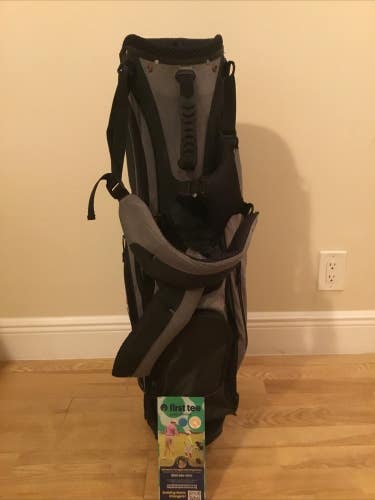 Callaway Golf Stand Bag With 6-way Dividers & Rain Cover (READ)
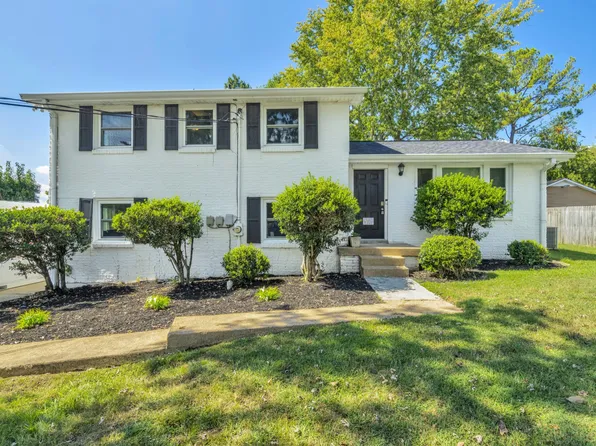 103 Riverwood Dr, Hendersonville, TN 37075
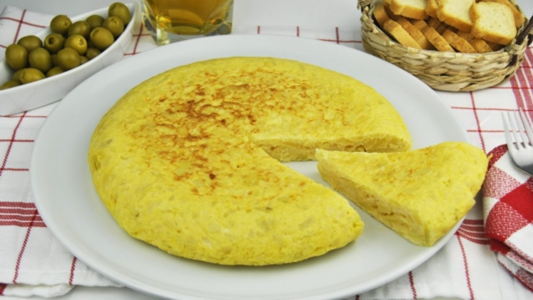TORTILLA DE PATATA CON CEBOLLA TORTILLA DE PATATA CON CEBOLLA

Exercise
The expected result is the data above in exact form, free of pictures.

Response area
 Callaway Golf Stand Bag With 6-way Dividers & Rain Cover (READ)
 103 Riverwood Dr, Hendersonville, TN 37075
TORTILLA DE PATATA CON CEBOLLA TORTILLA DE PATATA CON CEBOLLA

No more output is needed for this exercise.